DATASET EXTRACT -
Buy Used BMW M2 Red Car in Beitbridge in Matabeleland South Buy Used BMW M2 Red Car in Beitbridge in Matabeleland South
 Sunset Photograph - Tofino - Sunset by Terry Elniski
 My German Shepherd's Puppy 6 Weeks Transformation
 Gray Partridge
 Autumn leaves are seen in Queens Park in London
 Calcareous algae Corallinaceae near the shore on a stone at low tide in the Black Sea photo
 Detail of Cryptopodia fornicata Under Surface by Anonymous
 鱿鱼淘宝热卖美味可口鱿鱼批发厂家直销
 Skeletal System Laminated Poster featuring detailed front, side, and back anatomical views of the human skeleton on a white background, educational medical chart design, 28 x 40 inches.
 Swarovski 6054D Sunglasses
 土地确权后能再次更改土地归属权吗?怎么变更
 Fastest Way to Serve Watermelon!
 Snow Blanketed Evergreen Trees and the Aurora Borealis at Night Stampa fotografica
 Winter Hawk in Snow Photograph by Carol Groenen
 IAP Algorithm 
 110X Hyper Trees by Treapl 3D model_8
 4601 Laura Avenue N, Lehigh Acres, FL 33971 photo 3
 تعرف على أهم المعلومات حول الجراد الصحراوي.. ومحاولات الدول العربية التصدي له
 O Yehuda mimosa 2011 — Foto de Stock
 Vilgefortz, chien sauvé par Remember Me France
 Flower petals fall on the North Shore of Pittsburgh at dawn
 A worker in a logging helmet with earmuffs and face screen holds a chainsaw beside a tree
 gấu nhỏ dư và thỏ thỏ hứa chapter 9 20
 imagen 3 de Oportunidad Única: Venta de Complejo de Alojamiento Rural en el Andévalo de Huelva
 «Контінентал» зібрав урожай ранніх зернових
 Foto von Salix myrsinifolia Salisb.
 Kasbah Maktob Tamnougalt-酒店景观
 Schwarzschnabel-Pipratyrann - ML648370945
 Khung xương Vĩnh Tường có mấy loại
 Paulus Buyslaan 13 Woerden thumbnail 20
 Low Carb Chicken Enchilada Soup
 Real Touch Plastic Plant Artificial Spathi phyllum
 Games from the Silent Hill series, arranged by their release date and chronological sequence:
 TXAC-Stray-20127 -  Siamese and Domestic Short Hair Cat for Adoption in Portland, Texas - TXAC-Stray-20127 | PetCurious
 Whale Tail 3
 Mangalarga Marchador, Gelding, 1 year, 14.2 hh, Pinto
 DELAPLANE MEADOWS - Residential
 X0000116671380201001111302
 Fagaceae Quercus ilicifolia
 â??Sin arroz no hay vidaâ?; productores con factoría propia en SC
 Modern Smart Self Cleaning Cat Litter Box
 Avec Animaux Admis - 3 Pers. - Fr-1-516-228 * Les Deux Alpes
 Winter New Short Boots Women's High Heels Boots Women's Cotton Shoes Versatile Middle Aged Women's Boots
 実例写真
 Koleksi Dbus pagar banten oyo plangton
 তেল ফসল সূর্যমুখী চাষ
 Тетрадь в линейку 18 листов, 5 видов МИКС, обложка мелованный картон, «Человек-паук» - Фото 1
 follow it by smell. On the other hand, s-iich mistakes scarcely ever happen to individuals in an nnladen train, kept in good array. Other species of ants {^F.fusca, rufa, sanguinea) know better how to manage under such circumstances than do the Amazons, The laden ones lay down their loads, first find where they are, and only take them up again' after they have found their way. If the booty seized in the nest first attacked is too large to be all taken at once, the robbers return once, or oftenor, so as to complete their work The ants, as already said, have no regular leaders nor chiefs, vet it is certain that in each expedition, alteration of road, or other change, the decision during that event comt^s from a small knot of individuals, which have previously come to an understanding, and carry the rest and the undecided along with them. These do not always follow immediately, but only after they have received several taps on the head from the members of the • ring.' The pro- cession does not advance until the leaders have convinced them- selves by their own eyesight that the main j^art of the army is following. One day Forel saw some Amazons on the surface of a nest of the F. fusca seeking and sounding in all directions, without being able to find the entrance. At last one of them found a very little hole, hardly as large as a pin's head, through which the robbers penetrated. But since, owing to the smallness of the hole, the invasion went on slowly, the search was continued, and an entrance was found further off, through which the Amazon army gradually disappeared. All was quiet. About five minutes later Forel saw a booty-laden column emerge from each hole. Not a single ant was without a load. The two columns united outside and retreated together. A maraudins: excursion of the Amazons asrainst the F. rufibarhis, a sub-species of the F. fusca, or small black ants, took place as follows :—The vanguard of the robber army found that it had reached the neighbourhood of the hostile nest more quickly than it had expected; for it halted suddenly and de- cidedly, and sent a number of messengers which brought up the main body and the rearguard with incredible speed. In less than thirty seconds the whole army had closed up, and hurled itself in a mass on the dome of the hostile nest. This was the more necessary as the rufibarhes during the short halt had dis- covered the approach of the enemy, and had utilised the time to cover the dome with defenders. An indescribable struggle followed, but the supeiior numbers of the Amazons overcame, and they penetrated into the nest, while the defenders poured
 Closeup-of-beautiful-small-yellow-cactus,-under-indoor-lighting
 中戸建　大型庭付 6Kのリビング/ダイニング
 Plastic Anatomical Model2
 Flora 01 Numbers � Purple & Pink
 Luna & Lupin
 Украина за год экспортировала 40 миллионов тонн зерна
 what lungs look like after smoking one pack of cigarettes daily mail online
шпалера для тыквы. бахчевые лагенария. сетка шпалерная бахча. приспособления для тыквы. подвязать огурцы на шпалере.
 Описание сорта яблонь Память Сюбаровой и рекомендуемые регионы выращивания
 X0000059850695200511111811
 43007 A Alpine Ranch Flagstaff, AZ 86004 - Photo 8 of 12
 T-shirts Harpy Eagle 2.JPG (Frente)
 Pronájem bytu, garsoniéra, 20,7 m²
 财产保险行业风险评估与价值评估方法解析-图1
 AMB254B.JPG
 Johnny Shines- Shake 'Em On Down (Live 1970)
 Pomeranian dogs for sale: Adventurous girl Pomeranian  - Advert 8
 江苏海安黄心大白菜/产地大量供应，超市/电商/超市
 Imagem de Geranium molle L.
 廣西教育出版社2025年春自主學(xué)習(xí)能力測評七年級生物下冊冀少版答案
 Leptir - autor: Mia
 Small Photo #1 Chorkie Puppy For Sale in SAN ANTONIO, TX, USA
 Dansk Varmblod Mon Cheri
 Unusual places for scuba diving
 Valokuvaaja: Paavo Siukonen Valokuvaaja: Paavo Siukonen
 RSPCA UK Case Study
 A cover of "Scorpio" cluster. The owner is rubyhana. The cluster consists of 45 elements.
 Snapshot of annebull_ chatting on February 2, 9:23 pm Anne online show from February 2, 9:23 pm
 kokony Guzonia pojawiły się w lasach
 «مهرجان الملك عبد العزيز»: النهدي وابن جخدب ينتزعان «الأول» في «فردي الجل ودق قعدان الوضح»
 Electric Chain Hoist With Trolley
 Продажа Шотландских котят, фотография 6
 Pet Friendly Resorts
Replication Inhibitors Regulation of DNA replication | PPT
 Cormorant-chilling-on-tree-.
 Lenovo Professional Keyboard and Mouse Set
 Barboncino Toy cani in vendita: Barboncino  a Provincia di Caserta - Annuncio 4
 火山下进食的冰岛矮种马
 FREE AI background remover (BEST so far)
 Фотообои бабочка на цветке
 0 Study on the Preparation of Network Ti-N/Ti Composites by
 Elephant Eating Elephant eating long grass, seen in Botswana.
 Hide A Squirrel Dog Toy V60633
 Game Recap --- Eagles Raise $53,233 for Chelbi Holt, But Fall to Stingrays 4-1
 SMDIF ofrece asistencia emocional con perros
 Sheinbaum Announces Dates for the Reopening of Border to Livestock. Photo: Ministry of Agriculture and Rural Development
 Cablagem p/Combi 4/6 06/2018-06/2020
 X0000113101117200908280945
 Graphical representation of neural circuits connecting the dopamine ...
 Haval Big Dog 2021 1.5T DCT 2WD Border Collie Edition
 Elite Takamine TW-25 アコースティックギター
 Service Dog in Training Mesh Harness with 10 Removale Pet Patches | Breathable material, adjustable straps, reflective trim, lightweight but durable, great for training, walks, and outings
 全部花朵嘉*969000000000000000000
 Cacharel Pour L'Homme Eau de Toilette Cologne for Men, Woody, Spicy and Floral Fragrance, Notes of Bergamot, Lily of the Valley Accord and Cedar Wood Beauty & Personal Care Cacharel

PROMPT - Could you copy exactly the lines from the one containing "Lenovo Professional Keyboard and Mouse Set" through the end of the records above, and nothing more?

PROBLEM SOLUTION -
 Lenovo Professional Keyboard and Mouse Set
 Barboncino Toy cani in vendita: Barboncino  a Provincia di Caserta - Annuncio 4
 火山下进食的冰岛矮种马
 FREE AI background remover (BEST so far)
 Фотообои бабочка на цветке
 0 Study on the Preparation of Network Ti-N/Ti Composites by
 Elephant Eating Elephant eating long grass, seen in Botswana.
 Hide A Squirrel Dog Toy V60633
 Game Recap --- Eagles Raise $53,233 for Chelbi Holt, But Fall to Stingrays 4-1
 SMDIF ofrece asistencia emocional con perros
 Sheinbaum Announces Dates for the Reopening of Border to Livestock. Photo: Ministry of Agriculture and Rural Development
 Cablagem p/Combi 4/6 06/2018-06/2020
 X0000113101117200908280945
 Graphical representation of neural circuits connecting the dopamine ...
 Haval Big Dog 2021 1.5T DCT 2WD Border Collie Edition
 Elite Takamine TW-25 アコースティックギター
 Service Dog in Training Mesh Harness with 10 Removale Pet Patches | Breathable material, adjustable straps, reflective trim, lightweight but durable, great for training, walks, and outings
 全部花朵嘉*969000000000000000000
 Cacharel Pour L'Homme Eau de Toilette Cologne for Men, Woody, Spicy and Floral Fragrance, Notes of Bergamot, Lily of the Valley Accord and Cedar Wood Beauty & Personal Care Cacharel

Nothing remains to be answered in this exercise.